Let me just restate the obvious: I love doing the column, and I love hearing about you and your lives. It's without a doubt the most remarkable experience of my writing career. I continue to be humbled and amazed by the depth, variety and sincerity of the real-life tales you tell. The only way this can go on is if Salon does well as a business. Ergo, whatever it takes. I hope you can support that.
P.S. This is No. 50 and the column's one-year anniversary; it premiered Oct. 17, 2001.
Dear Cary,
My husband and I have been married for nearly eight years. We have a preschool-age son and another baby due in a few weeks. We have a wonderful marriage, and he's an excellent (quite nearly perfect) partner in all areas but one -- the seduction.

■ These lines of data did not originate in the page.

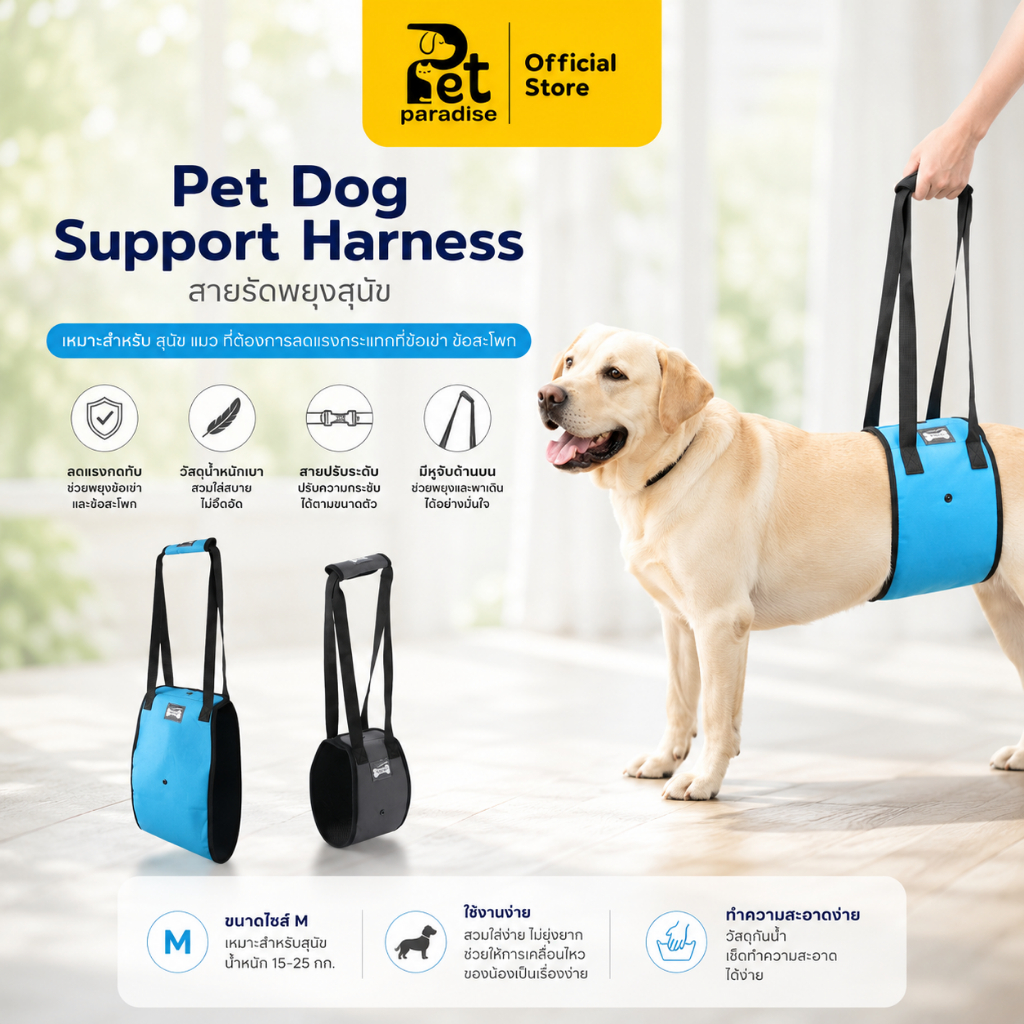 🌈PetParadise.th✨Doglemi สายพยุงตัวสุนัข ที่พยุงสุนัข ช่วยกายภาพสัตว์เลี้ยง ลดแรงกระแทกที่ข้อ มี2แบบ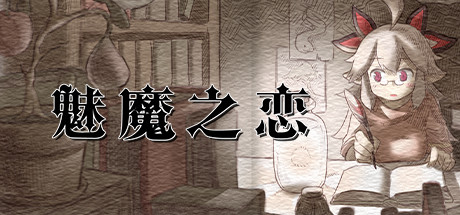 魅魔之恋全CG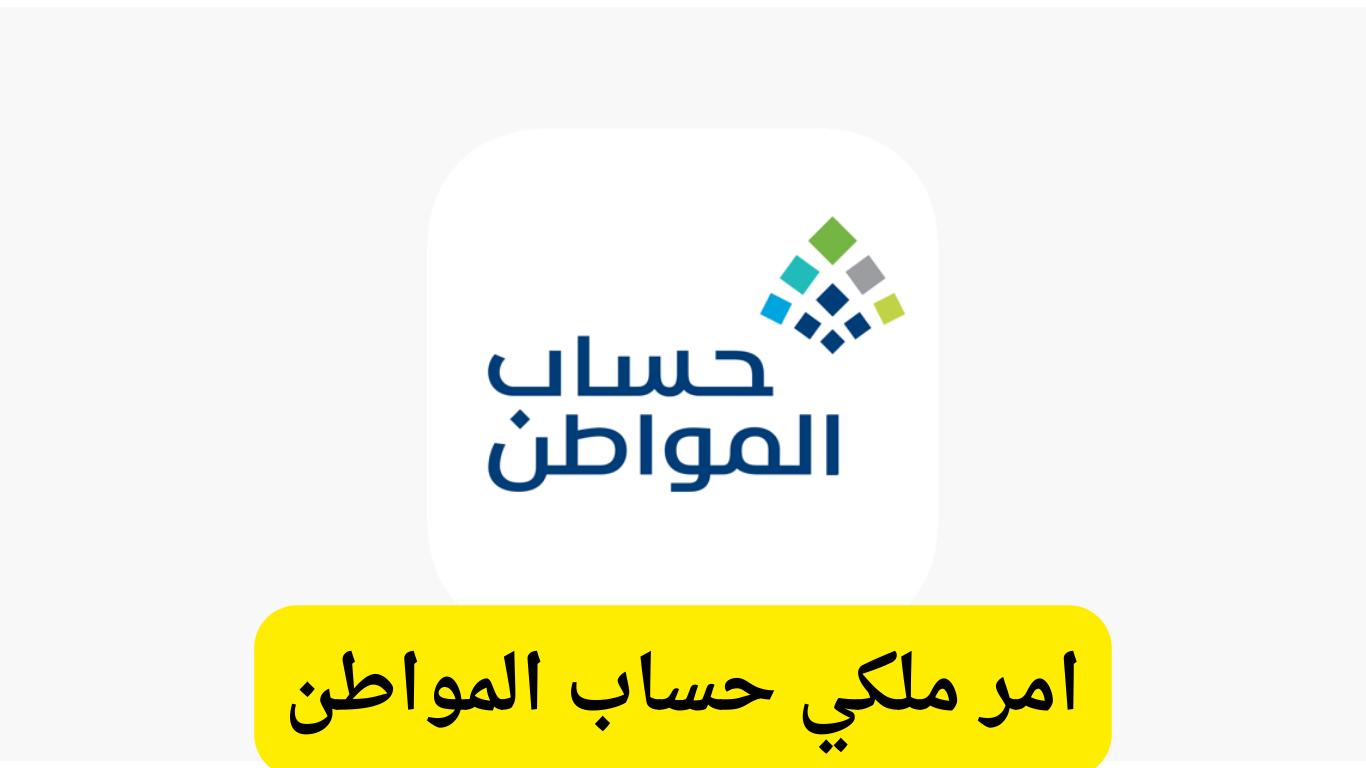 عاجل.. امر ملكي بتمديد حساب المواطن واستمرار الدعم الإضافي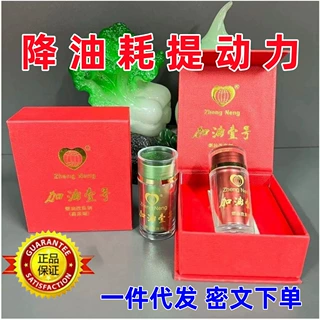 正品加油1号固体助燃剂浓缩节油省油神器汽车汽油车专用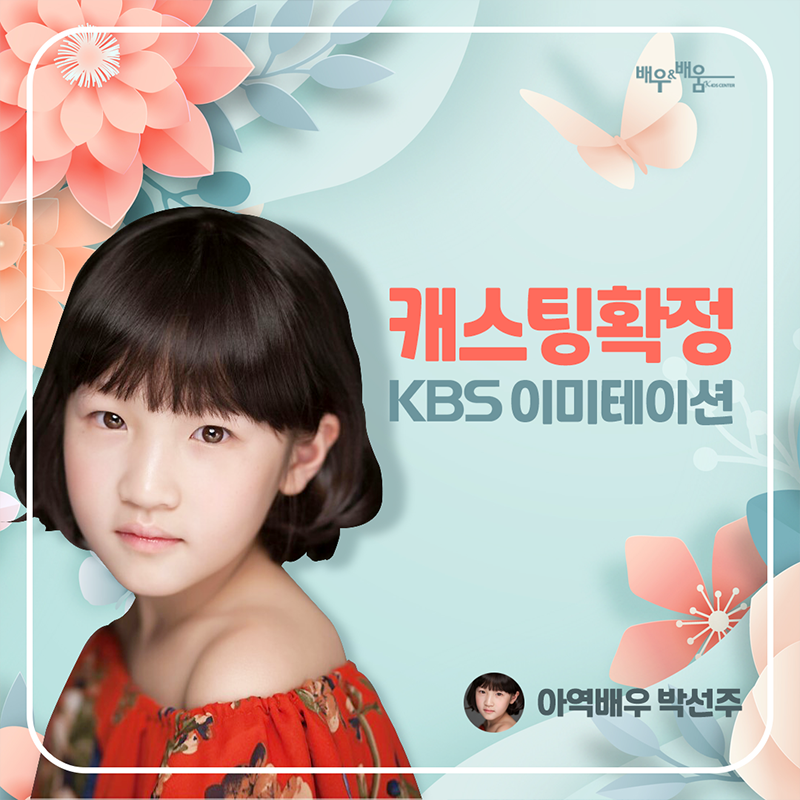 d41fe8c53d0e79d629fe44e01d2f79df_1603185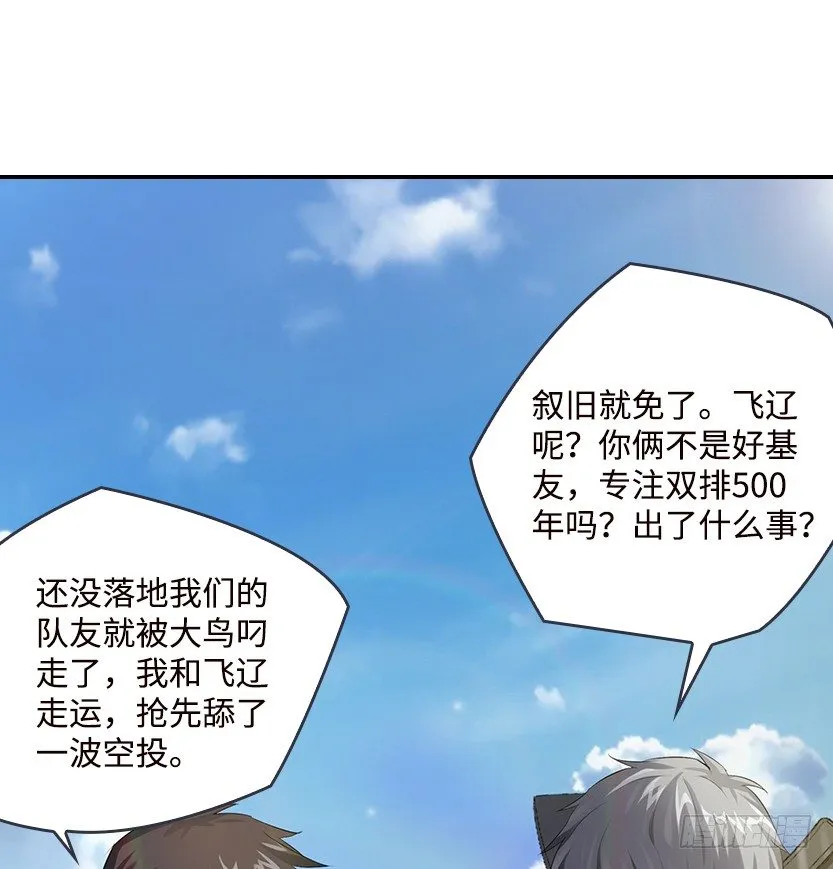 跪下求我 第28页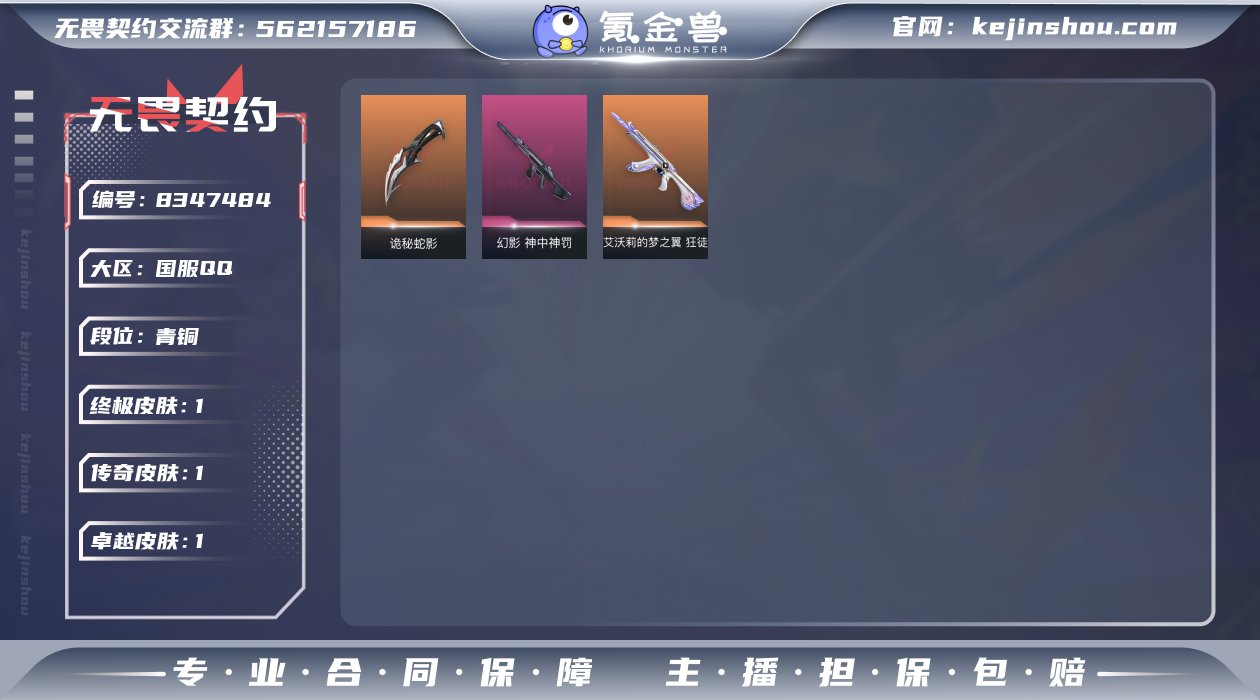 热门小猫ak炸鱼小号！！！【段位】青铜【近...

When my husband is feeling amorous, he usually communicates this with the oh-so-romantic line, "Wanna do it tonight?" He will make this proposal while looking at his e-mail or sweeping the floor or some activity equally unrelated and unsexy. At times he shows even less finesse, pointing to his crotch, tilting his head and whining about how horny he is. This makes me roll my eyes and want to run in the other direction. My usual response is, "Gee, no thanks." If I am trying to be a good sport (or if he has been a nice guy lately), I will follow up with, "How about another blow job, honey?" This takes only five to 10 minutes of effort on my part and will get him to shut up for a few days, but it is always followed by the same lousy approach later.
He was so wonderfully flirtatious earlier in our relationship. He could really make me feel like the sexiest, most beautiful woman alive. Why is he so lazy now? I have tried to tell him that his standard line isn't working for me, but I don't think the message is coming across. And I don't think it's just because I'm pregnant now, because this has been an issue for some time (as I recall, even before our first child was born). When we actually do have sex, it is great for both of us. But it is ridiculously infrequent, and I have to really focus to get into it, because my husband has not done anything to help me get in the mood.
I have asked a couple of my most trusted girlfriends about this, and I was surprised to hear that they had experienced this in either their current or past relationships. Is this just a guy thing? Are all men like this?
You've Gotta Be Kidding
Dear Gotta Be Kidding,
His approach does sound crude, but the pattern you describe is so pervasive that it's probably not fair to single him out. Reluctant as some of us are to admit it, domesticity, for all its benefits, can be passion poison. We accept it gladly because we want safety and routine, we want comfort and security, we want to raise kids and keep order in society and care for someone we love. But it's poison nonetheless.
The routine of life in a busy house gives birth to a kind of distracted emotional shorthand, a system of spiritual triage. Sonnets are reduced to Post-its on the refrigerator. Whatever is most urgent is what gets our attention, and romance gets neglected in favor of money, education, housing and other immediate concerns.
Bit by bit we get careless. We make short-term decisions that have long-term consequences. We have little unsatisfying moments whose sting lingers and works to further erode the passion that once was the life-giving center of the relationship. And all the time this is happening, the relationship is moving inexorably forward, developing a language, a collection of habits and a context all its own.
Sometimes you have to break the routine. It helps to get away somewhere, to be reminded of why you're together. And it helps to find a way to reintegrate the act of making love into the larger realm. I'm not sure quite how to explain how to do that, but if you break the routine that's killing the romance, the romance seems to reemerge, like a plant that's been deprived of what it needed.
You can go to counseling too, if you can't break the routine on your own, or if you're lost and can't focus, or if you're lost and he can't focus. You can use more candles at dinner and turn off the TV. You can send the kids to camp. You can camp yourself, in the back yard. But there's no doubt that being a couple in America and working for a living can drain your once consuming passion until the dark, wild and ageless drama of seduction is reduced to a snapping of the fingers and a pointing at the crotch. There is no simple solution. It's a fact. It's the way we live. It's who and what we are.
We ought to be better. But we're not. We're Americans, we rule the world, and we go to sleep hungry, restless and alone.